Saturday, March 17, 2012

The Devil Is In the Detail...

When I was 14 years old I made the adolescent mistake of openly correcting my father on an inconsequential detail in a story he was telling a friend. It wasn’t an embarrassing correction but an unnecessary one at the time. Later that evening I was a little surprised when my father thanked me for the correction and he said he was proud that I paid so much attention to the detail in things. He went on to say that it was detail that elevated Knowledge to Understanding. Sensing I wasn’t grasping what he was telling me he went out into the garage and got a picture that hung over his work bench. It was a simple black and white picture of a butterfly sitting on a leaf.

“I keep this picture over my workbench to remind me about the importance of details.” he explained.

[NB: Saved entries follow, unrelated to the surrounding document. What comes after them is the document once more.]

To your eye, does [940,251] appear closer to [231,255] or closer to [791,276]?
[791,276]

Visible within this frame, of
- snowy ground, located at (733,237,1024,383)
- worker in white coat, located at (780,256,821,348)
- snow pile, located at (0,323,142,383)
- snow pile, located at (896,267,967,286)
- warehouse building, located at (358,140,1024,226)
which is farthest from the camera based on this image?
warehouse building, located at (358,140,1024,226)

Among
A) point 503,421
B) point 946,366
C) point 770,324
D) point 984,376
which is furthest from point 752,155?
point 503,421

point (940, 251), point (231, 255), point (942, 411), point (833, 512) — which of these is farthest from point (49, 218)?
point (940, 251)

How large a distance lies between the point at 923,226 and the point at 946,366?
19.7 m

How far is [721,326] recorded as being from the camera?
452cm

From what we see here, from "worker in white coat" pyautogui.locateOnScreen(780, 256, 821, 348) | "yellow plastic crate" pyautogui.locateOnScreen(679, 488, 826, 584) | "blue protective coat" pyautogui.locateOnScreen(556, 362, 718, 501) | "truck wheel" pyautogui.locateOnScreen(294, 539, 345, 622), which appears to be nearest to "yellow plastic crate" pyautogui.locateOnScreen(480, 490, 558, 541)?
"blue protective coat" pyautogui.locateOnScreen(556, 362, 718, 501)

He paused and waited for the question that he knew I would have to ask?

“Ok dad”, I said with a sigh, “how does a picture of a butterfly remind you of the importance of details?

“Well”, he said “you might understand it best if we play the same game my father and I did when he gave me this picture. When you convince me that you completely understand the contents of this picture to the exclusion of any further questioning about it, I will buy you a car so you can start learning to drive next year. You are a very smart young man and I’m sure you will make short work of the task.”

Because of the careful wording I was immediately suspicious there must be a trick to this but he hooked me with the thought of having my own car, a very important thing for a teenage boy. The game was afoot.

It was obvious that I would at least have to know what kind of butterfly it was and that was the focus of my initial research. The Encyclopedia Britannica (we had no computers back then) had pictures of butterflies but none that matched the wing markings in the black and white picture. A trip to the public library and questioning my science teacher yielded no immediate results but my teacher suggested I might want to take the picture and show it to one of the biology professors at the local college. A phone call and a bus ride later, Bingo! I quickly explained my dad’s game and the professor provided me a ton of information about the butterfly. I now knew the genus, species, the Latin name, the color, its habitat, life cycle…..I had detail out the wahzoo.

My dad had been gently taunting me all week by asking if we should be planning to go to the car dealership that weekend. Knowing the game would not be this easy I decided to present him with the information I had compiled just to see what direction it was going to take me. My dad made a big deal out the first presentation. He called my sister and mother into the room and announced that I had some important information to share.
When I finished spewing out my list of facts about the butterfly even I was disappointed that after all that work it took me less than two minutes to present everything I knew.

“I’m impressed, son”, he said nodding his head with approval; “it took me nearly a month to get that far when I played the game with my father.” After a bit of a pause, he asked a simple sounding question that ultimately demonstrated the scope of how far this game could go.

“You mentioned that the butterfly is yellow, why is it yellow?"

There were two more formal attempts at a new car that month and after each one dad would always have a simple question about the details I had presented. I quickly discovered that to even begin to answer the “why yellow?” question I would need an understanding of far more than just butterflies. Not only would I have to understand why a butterfly might be yellow, but also why yellow was yellow. Then, of course, there was the leaf. I stopped trying when I realized it was an unwinnable game. In true teenage fashion I used a Dynamo Label Maker to inscribe the picture as “The Great Butterfly Hoax” and hung it back up over my dad’s workbench.
Over the last forty years any reference to “The Great Butterfly Hoax” is still good for a laugh in my family and the picture still hangs over dad’s workbench.

My dad is 83 now and I write to him frequently from up here.
There was a snowy day last month when I was feeling kinda’ silly (cabin fever, no doubt) so I wrote him a long spoofy, quasi-intellectual sounding letter titled: “The Bio-Mechanics, Flight Dynamics and Spectral Deviations of the Yellow Butterfly” and asked if he thought I knew enough about the picture to get my new car. At the end of the letter I added a little postscript:
P.S. What question would you have asked me if I had said in that first presentation that it was simply a black and white picture of a leaf and a butterfly?

Eight days later I got his reply. I was expecting a new and equally spoofy, quasi-intellectual sounding “next question” but instead, in the middle of an 8 ½ x 11 inch piece of paper he wrote;

“With regard to the postscript in your last letter, there would have been no questions. You were the darn fool who said the black and white butterfly was yellow; I just wanted to know why.”